That last paragraph is all about the first person singular. How boring. That is one of the reasons this singular person is returning to the Bloggosphere; there is so much wonderfully interesting stuff out there, outside of the Id and Ego, which, as a writer, one positively aches to share. Let me begin by re-posting one of the first pieces I wrote here a couple of years ago, which got lost in the WordPress jungle. It is not by bread alone we live, but by Fascinating Articles.
When travelling on the Cork-Dublin train to visit her sisters in Dublin or journalistic colleagues at the Irish Press office on Burgh Quay, my mother would catch up with reading newspapers, particularly the features-rich British Sundays. She was known to accost strangers seated near her on the train, regardless of age or gender, pushing a folded paper across the table and pronouncing “Fascinating article, you should read it.” When her fellow passenger cast an eye across the page, nodded and resumed looking out the window, she would stab the headline with her forefinger and say “No, you must read it now!”
“Fascinatingarticle” has become a byword in our family for anything interesting in any medium and I have inherited the compulsion to cut and keep and pass on fascinatingarticles. No newspaper can ever be thrown out unless I have gone through it, cut out anything relevant and stacked it for filing. A visiting friend opened a hinged foot-rest by a sofa in our living room and discovered it full of newspapers – American, English, Irish, Swiss, Canadian, Singaporean – some going back to 1997. At their raised eyebrow, which implied that the contents should be ditched forthwith and pronto I slammed the box shut protesting “No, no, I haven’t gone through them yet”.
The papers ….and then some….had come with us to France when we moved from Ireland in 2000-2007-ish and been partly responsible for the extra charges incurred when our removal van was stopped at the Weigh Station in Liverpool docks and 13 boxes of books removed into storage by Her Magesty’s Customs, to be collected and delivered later as they were deemed too heavy for one trip.
I am not the only one burdened with enthusiasm for well-presented information and particularly the urge to store it for future reference or pass it on.
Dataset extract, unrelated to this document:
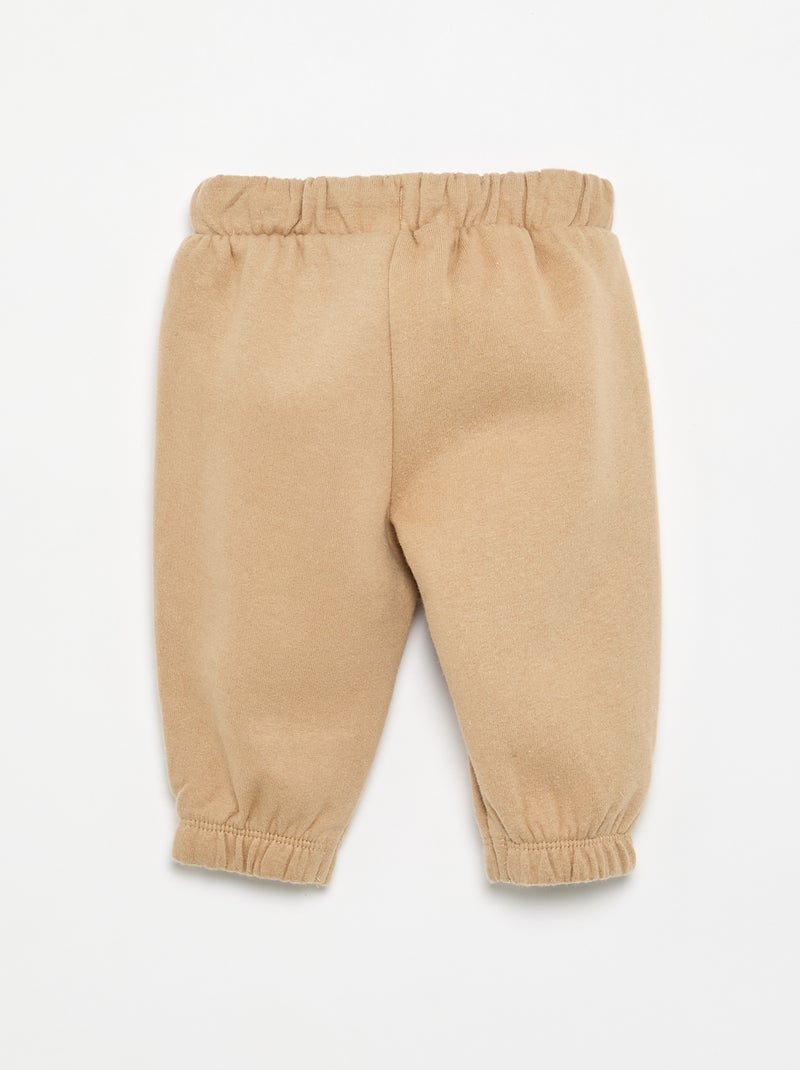 Pantaloni da jogging in pile Beige - Kiabi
I am the woman in the New Yorker cartoon, brandishing a scissors over a newspaper spread out on a kitchen table telling her bemused husband “I’m taking articles out of the newspaper while we still can”….or the woman surrounded by piles of paper, in the centre of which she is just visible, cheerfully saying “I’m working on my piling.” In an interview with Studs Terkel a few years back …..well maybe it was a decade….the celebrated broadcaster who was then maybe 88 years old, said he couldn’t die yet because he hadn’t finished his filing. I often wonder if he had it all organized before he was filed away himself in October 2008.
We all have our preoccupations and some have tamed their hoards of knowledge. I know just two people who have the confidence in technology and the discipline to destroy hard copies of printed articles. An entomologist of my acquaintance – a world authority on bird strikes by trade and a twitcher by inclination – reads everything ever written about ticks, fleas and aviation, plus international bird spotting figures, scanning the original print and storing the pieces electronically. Not long after he returned from his sojourn in Washington for the Irish national broadcaster RTE, I asked journalist Mark Little how he stored all the news and historical references he might want from both sides of the Atlantic. “I don’t keep files any more” he replied “all the information one needs is on the Internet.”
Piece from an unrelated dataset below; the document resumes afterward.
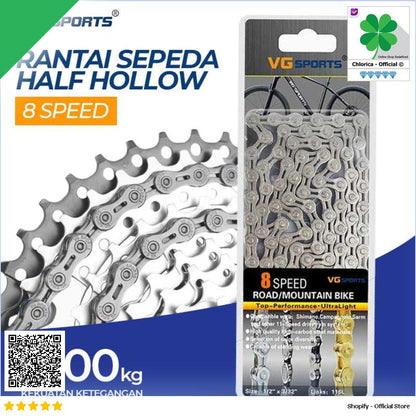 VG Sports Rantai Sepeda Bicycle Chain Half Hollow VGS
My mother died aged 90 in 2006 but I still have a yellow A4 folder with her handwritten label, dated 1/8/88 which reads “Shreds and Patches: Hardy, Swift, Bloomsbury, Flann O”Brien etc. plus some basic recipes” Looking at it now on my desk, I cannot but re-use the folder and have added “Barbarossa+Pirates. Les Insoumises. New Natural Fibres” (all but Hardy would probably approve of their new page-mates, though given his agricultural roots, even he might find the one on ‘new natural fibres’ a fascinatingarticle) Yes, I too could have a scanner – in fact there’s probably one in the house already, but I just don’t know what it looks like, not to mind how to turn it on. But then I wouldn’t have the paper….the lovely paper, yellow and velvety with age. And besides, you can’t swat flies with a laptop.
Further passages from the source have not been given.